What the exercise asks>
What should be copied is the stretch of entries below from the line with "Archivo - El" up to and including the line with "2 Bedroom Property", exactly and without images.

Source material>
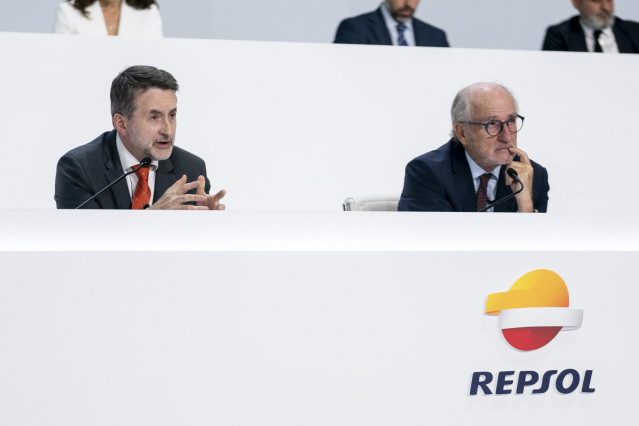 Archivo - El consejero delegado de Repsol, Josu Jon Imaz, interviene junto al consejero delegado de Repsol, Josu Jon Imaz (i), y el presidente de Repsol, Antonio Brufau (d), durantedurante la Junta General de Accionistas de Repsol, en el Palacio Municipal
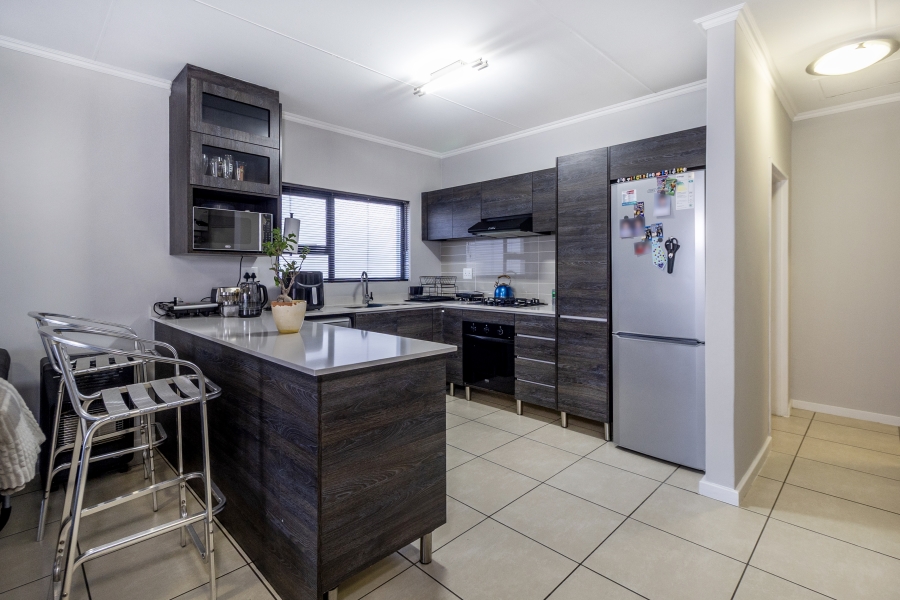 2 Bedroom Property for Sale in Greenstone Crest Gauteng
--
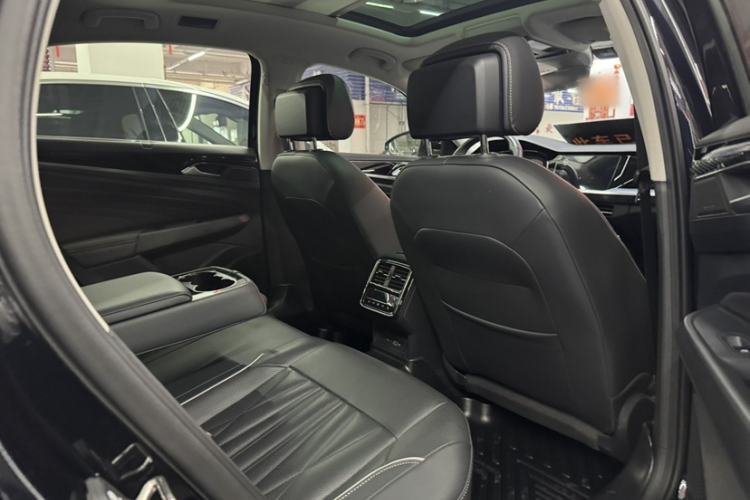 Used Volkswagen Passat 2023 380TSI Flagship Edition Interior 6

Answer space>
 Archivo - El consejero delegado de Repsol, Josu Jon Imaz, interviene junto al consejero delegado de Repsol, Josu Jon Imaz (i), y el presidente de Repsol, Antonio Brufau (d), durantedurante la Junta General de Accionistas de Repsol, en el Palacio Municipal
 2 Bedroom Property for Sale in Greenstone Crest Gauteng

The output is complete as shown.